To install the above libraries , we run a python command

In [None]:
pip install -r requirements.txt

# Extract Transform Load Overview 

## Extract 
We shall be extracting our data from an API in this project

## Transform
This step is optional but this is the step where by we get to add columns , change data types of data columns . This is done according to business rules.

## Load
This is the step where we load our data into analytical environments , there are different tools that are used to achieve this but we are going to use Google Big query(Scalable Storage) in this project.

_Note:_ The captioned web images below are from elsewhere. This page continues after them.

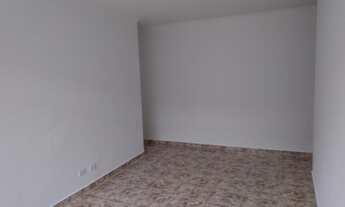 Imagem 6: Apartamento à Venda - Jardim Ponte Rasa, 60 m2 - São Paulo / SP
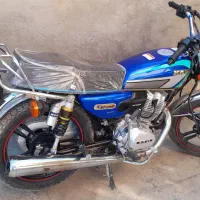 هندا ۲۰۰ کبیر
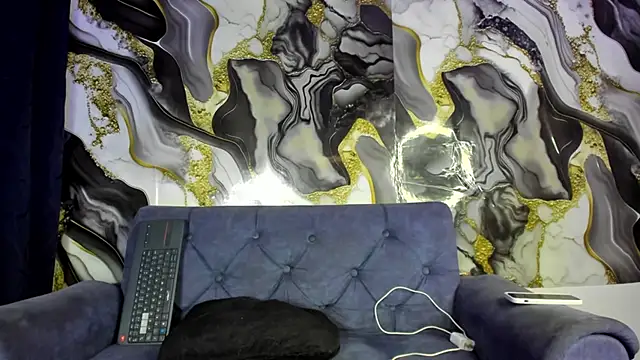 Ares DAMM online show from May 2026 12:03:02 PM
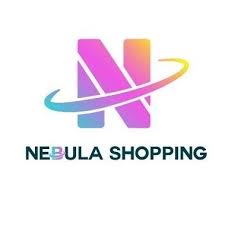 Nebula Shopping 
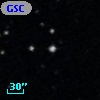 GSC 00325-01068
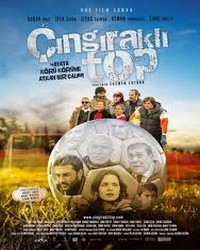 cingirakli-top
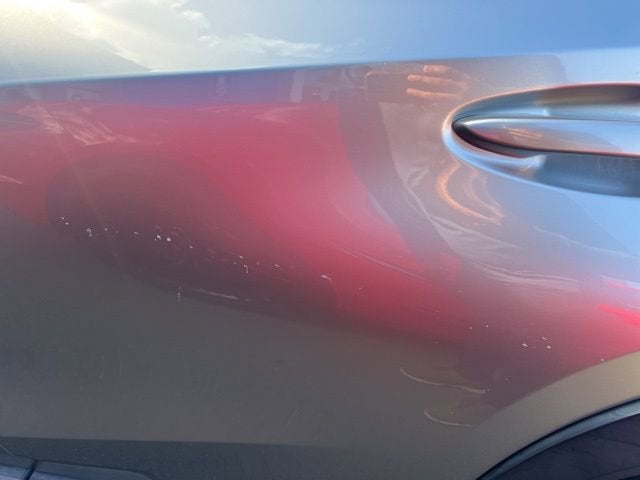 2019 Lexus UX UX 200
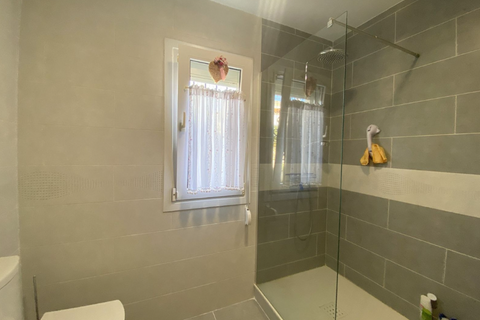 Villa a La Duquesa, Malaga, La Duquesa - € 690.000 | Ref: SMSD1888 - foto 17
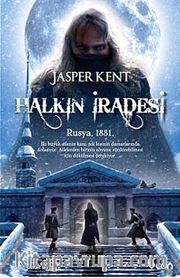 Halkın İradesi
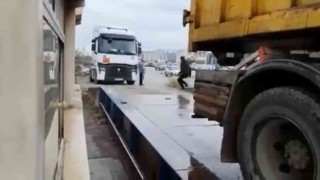 Yalovada tersane işçilerine silahlı saldırı: 5 yaralı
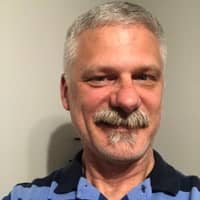 Robert B.'s profile image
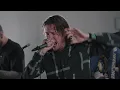 Songs at the Shop: Episode 26 - The Devil Wears Prada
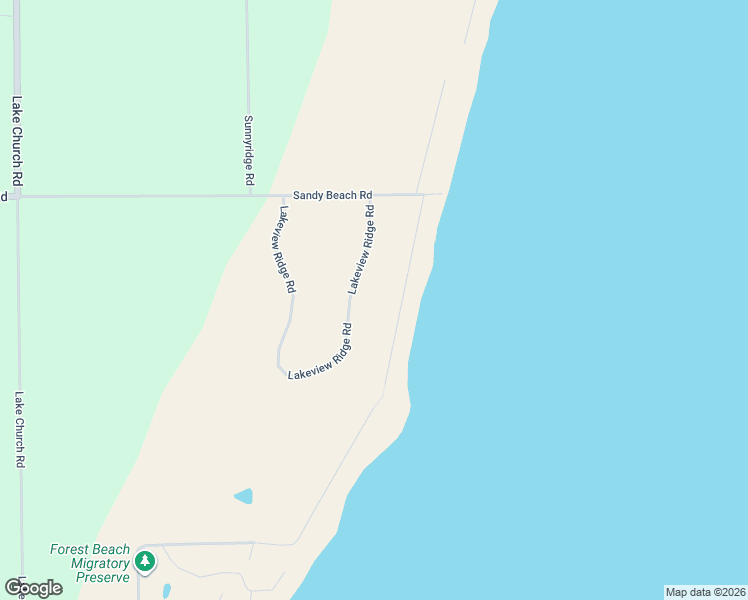 map of restaurants, bars, coffee shops, grocery stores, and more near 5197 Lakeview Ridge Road in Belgium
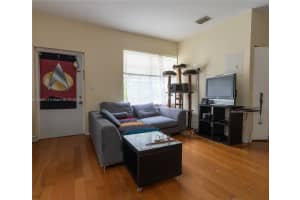 719 Meridian Ave, Miami Beach, FL 33139, Sold 01/27/23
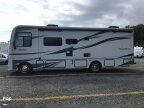 Thumbnail Photo 3 for 2020 Coachmen Pursuit 29SS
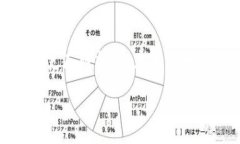  stratégie 专家揭秘：tpWallet转账不见了？独家解决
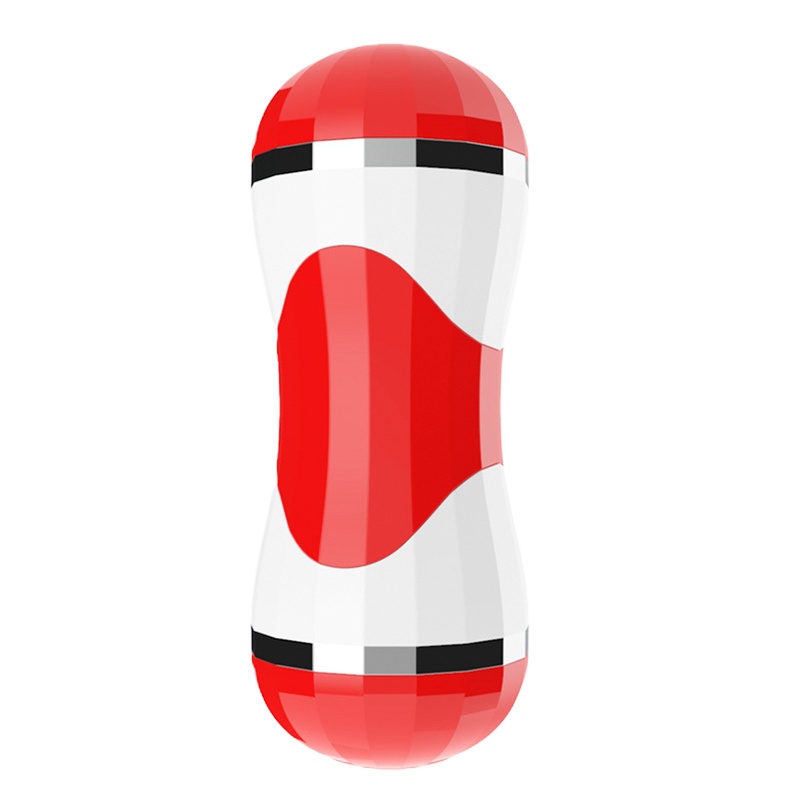 谜姬Mizz Zee全自动发音双擎震动智能电动飞机杯免提男用自慰器男性系列阴臀倒模玩具名器成人情趣性用品非充气娃娃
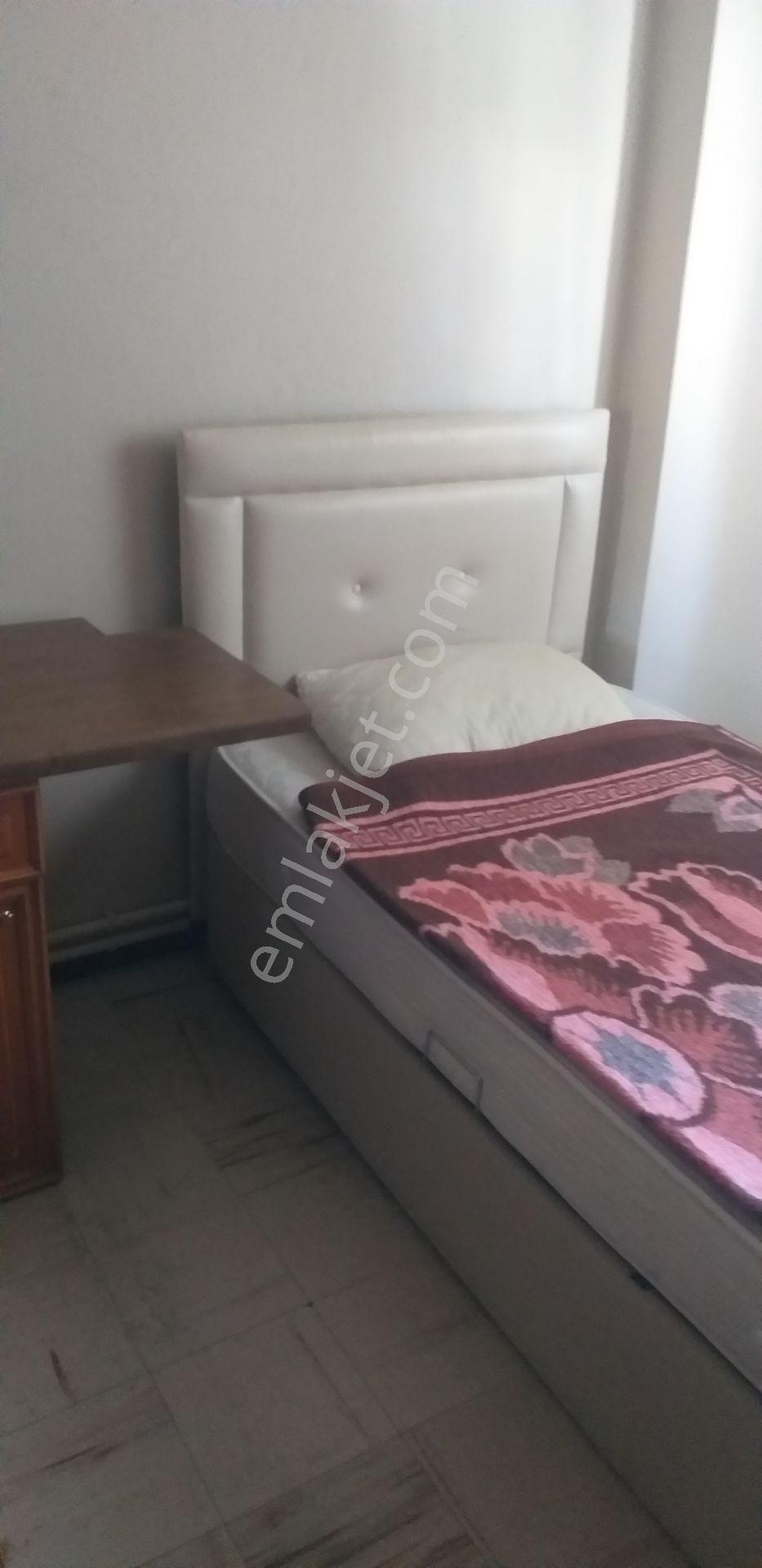 Balgat'ta Kiralık 2+1 Eşyalı Kombili Daire - Görsel 16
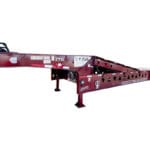 tkhst-hydraulic-sliding-tail-05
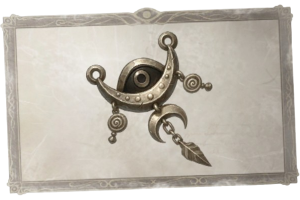 深渊的呼唤IX活动剧情文本 收藏图鉴 图腾饰品.png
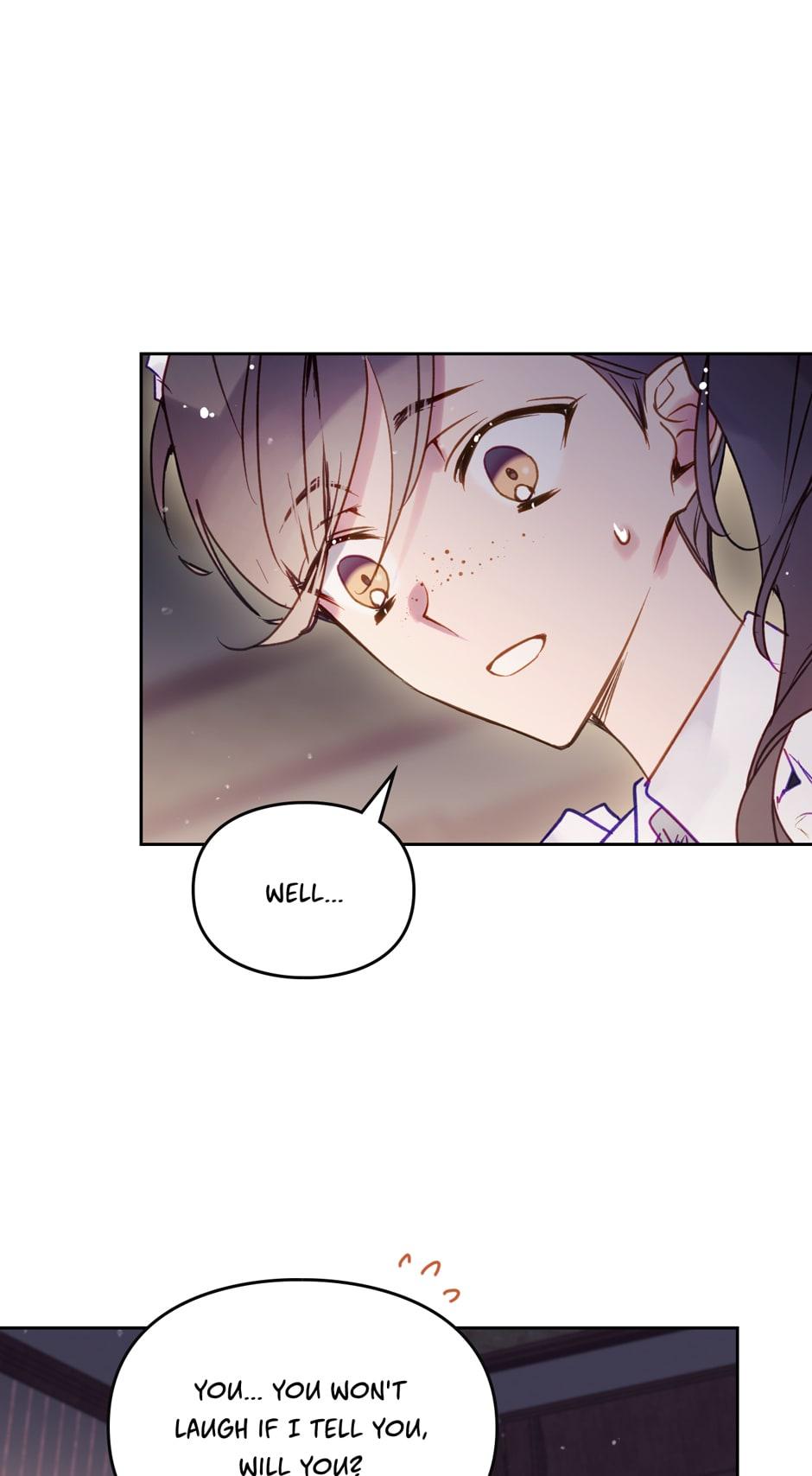 Read Villains Are Destined to Die Manga Online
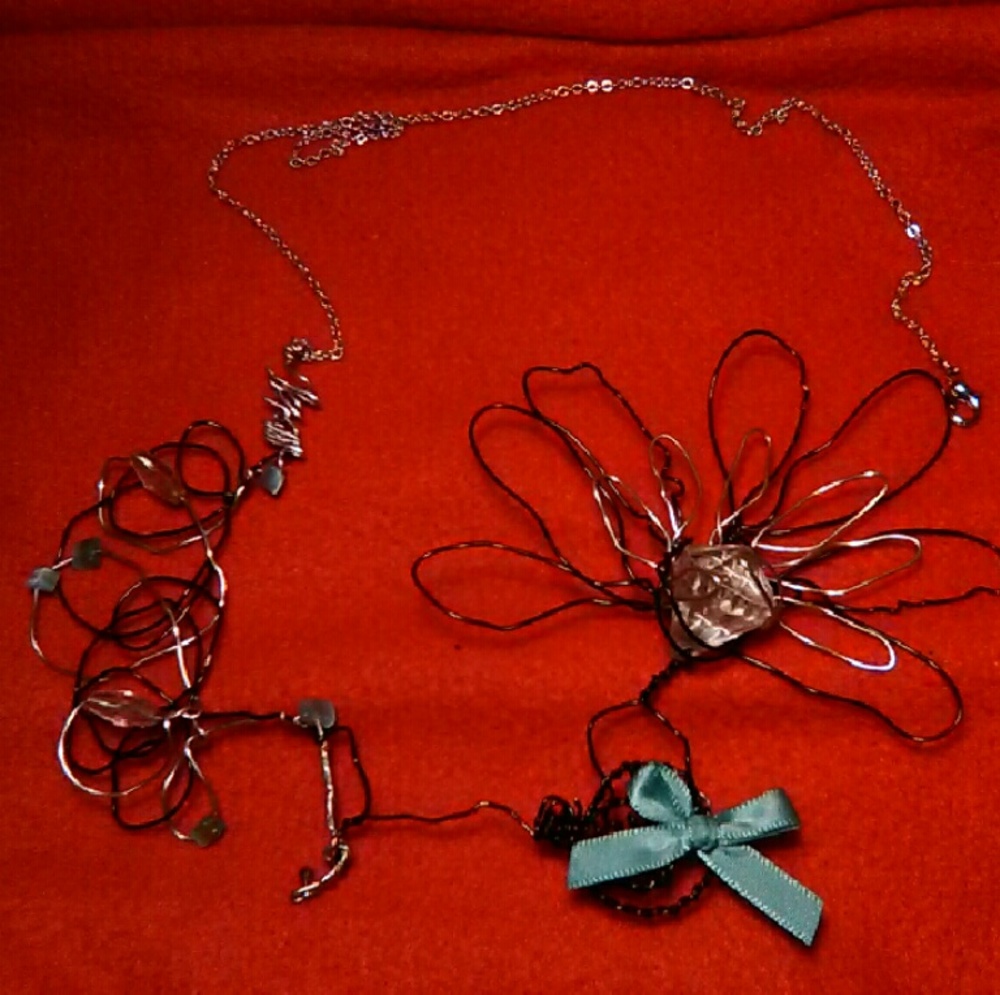 Kustumized Handmade  Original Bracelet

## Connect to API using Python and getting a response




This is code for connection to the api . I only write this code here once to avoid repetition of code.



In [7]:
import requests
import json
import requests

url = "https://api.themoviedb.org/3/trending/movie/day?language=en-US"

headers = {
    "accept": "application/json",
    "Authorization": "Bearer eyJhbGciOiJIUzI1NiJ9.eyJhdWQiOiIxMzIwYjU5NmY1ZTNiMjg1MmFlNzk0ZmIyYzQzOWZlOSIsInN1YiI6IjY1YjkxNzhhZTlkYTY5MDE0OGYyZTk1MCIsInNjb3BlcyI6WyJhcGlfcmVhZCJdLCJ2ZXJzaW9uIjoxfQ.FgBnCTQBjxsfPN-6f6Dvkod85rWdVfb6Inp2Mnhy0SI"
}

params = {
    "language": "en-US",
    "page": 1,  # Adjust the page number to get more results
}

response = requests.get(url, headers=headers , params=params)

print(response.text)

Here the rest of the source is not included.